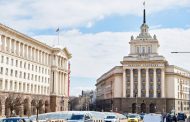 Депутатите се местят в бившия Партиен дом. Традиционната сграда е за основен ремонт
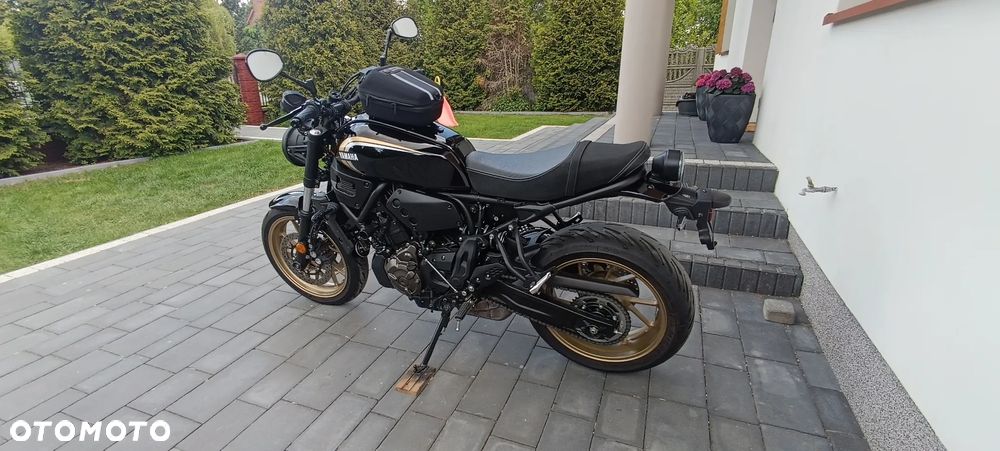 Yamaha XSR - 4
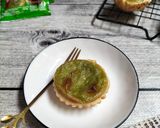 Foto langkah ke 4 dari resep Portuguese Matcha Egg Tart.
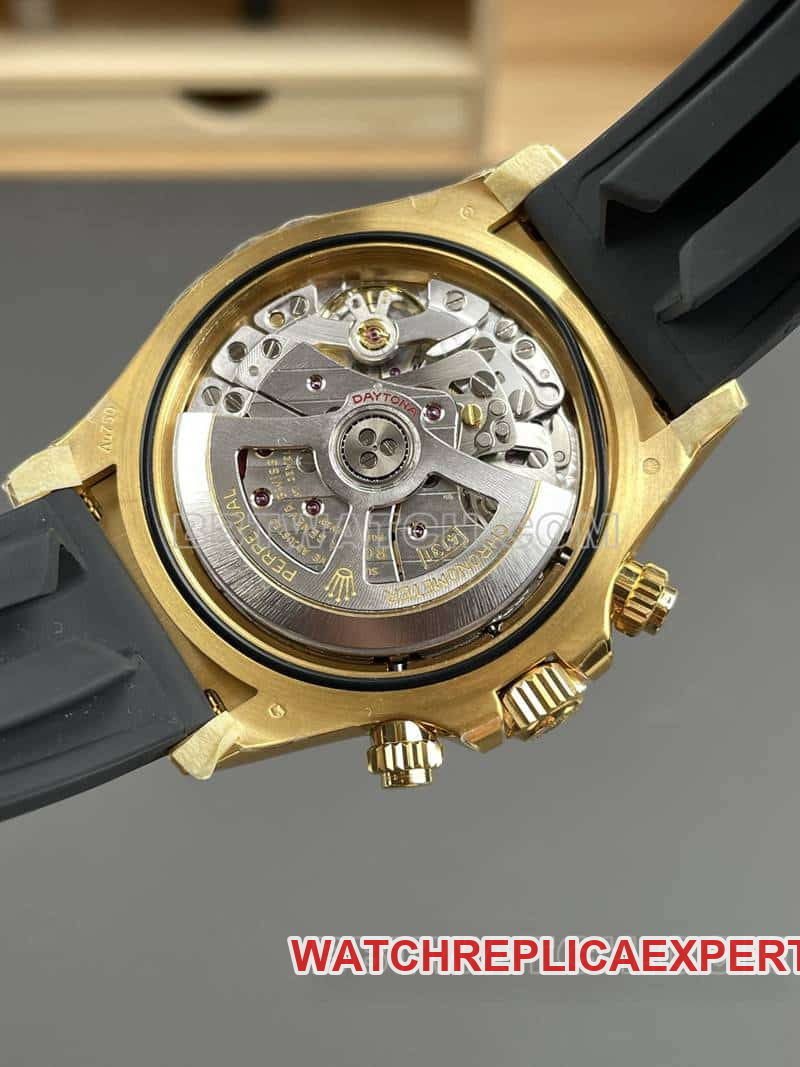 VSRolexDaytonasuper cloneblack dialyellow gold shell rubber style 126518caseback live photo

...

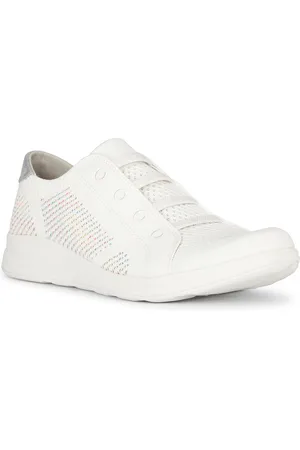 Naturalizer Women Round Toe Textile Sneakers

WHAT TO DO ▸
Please copy the lines above exactly, starting at the line that holds "Foto langkah ke" and ending at the line that holds "VSRolexDaytonasuper cloneblack dialyellow"; include both, but no pictures.

RESPONSE TO THE TASK ▸
 Foto langkah ke 4 dari resep Portuguese Matcha Egg Tart.
 VSRolexDaytonasuper cloneblack dialyellow gold shell rubber style 126518caseback live photo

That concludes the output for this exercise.